## Problem statement
The expected output is the full set of entries, retyped verbatim, pictures excluded.

++++

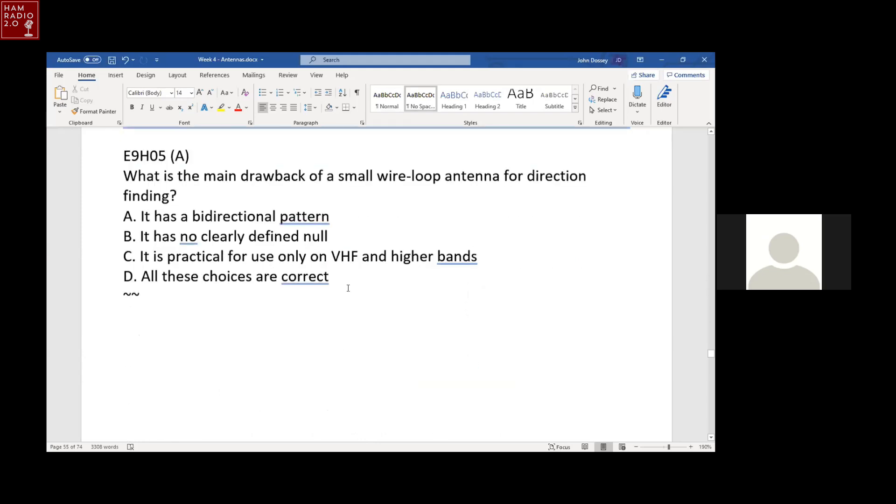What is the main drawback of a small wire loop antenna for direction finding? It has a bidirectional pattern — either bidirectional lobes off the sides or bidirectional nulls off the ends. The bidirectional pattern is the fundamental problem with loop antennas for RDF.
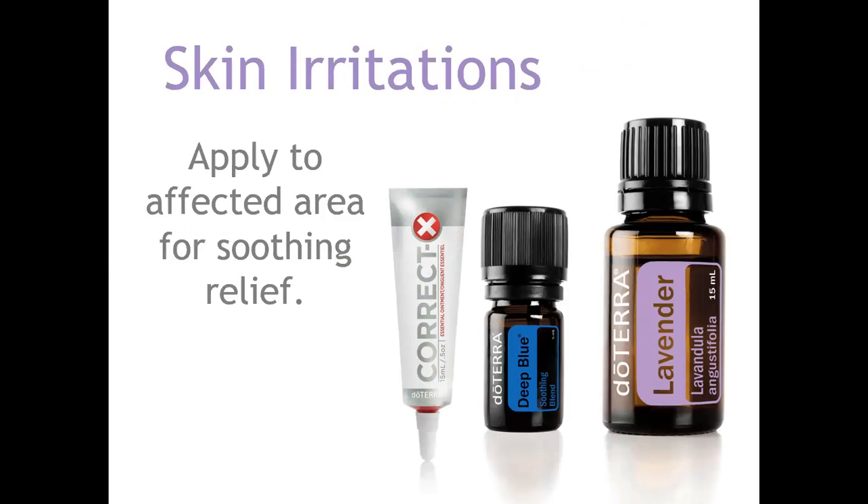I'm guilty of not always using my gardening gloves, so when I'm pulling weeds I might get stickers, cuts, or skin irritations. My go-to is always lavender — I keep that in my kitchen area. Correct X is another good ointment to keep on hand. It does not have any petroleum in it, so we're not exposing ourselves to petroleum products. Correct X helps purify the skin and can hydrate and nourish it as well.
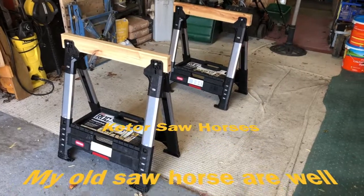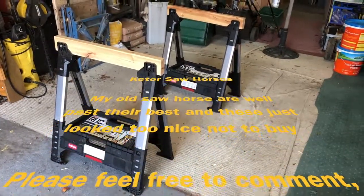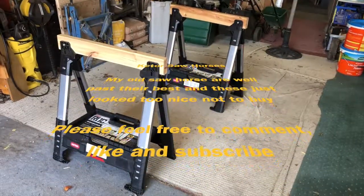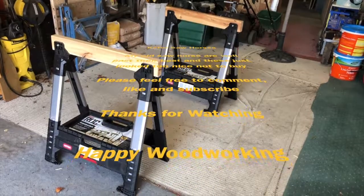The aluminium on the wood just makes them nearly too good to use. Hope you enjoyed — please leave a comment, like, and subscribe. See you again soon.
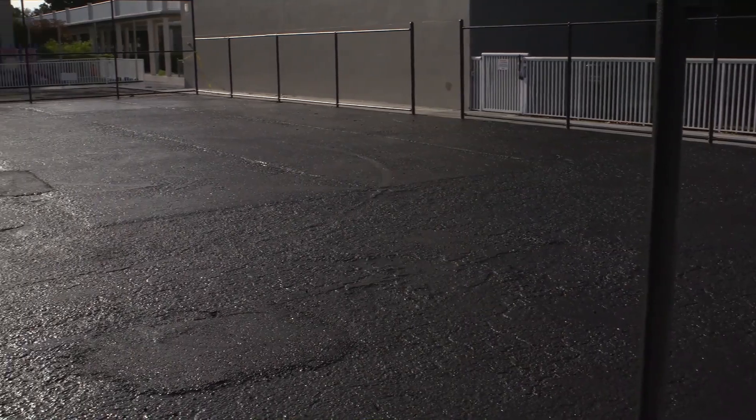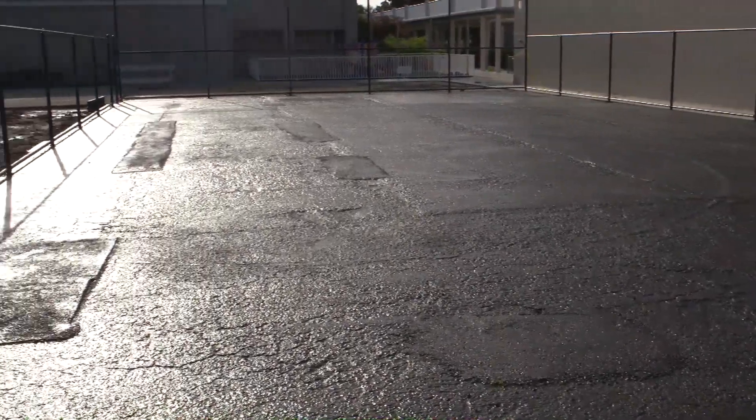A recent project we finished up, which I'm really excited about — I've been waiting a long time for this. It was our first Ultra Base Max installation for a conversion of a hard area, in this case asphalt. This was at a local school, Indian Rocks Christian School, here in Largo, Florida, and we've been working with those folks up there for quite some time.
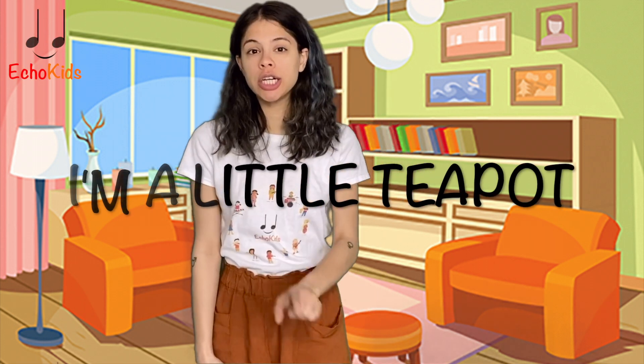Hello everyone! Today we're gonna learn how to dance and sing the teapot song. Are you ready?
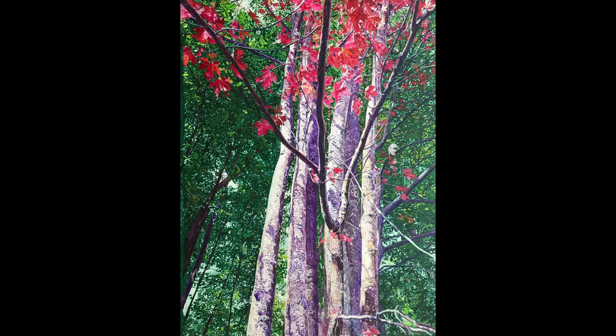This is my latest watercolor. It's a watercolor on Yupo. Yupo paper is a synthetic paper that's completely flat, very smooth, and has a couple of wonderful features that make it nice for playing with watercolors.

++++

## Completed exercise
What is the main drawback of a small wire loop antenna for direction finding? It has a bidirectional pattern — either bidirectional lobes off the sides or bidirectional nulls off the ends. The bidirectional pattern is the fundamental problem with loop antennas for RDF.
I'm guilty of not always using my gardening gloves, so when I'm pulling weeds I might get stickers, cuts, or skin irritations. My go-to is always lavender — I keep that in my kitchen area. Correct X is another good ointment to keep on hand. It does not have any petroleum in it, so we're not exposing ourselves to petroleum products. Correct X helps purify the skin and can hydrate and nourish it as well.
The aluminium on the wood just makes them nearly too good to use. Hope you enjoyed — please leave a comment, like, and subscribe. See you again soon.
A recent project we finished up, which I'm really excited about — I've been waiting a long time for this. It was our first Ultra Base Max installation for a conversion of a hard area, in this case asphalt. This was at a local school, Indian Rocks Christian School, here in Largo, Florida, and we've been working with those folks up there for quite some time.
Hello everyone! Today we're gonna learn how to dance and sing the teapot song. Are you ready?
This is my latest watercolor. It's a watercolor on Yupo. Yupo paper is a synthetic paper that's completely flat, very smooth, and has a couple of wonderful features that make it nice for playing with watercolors.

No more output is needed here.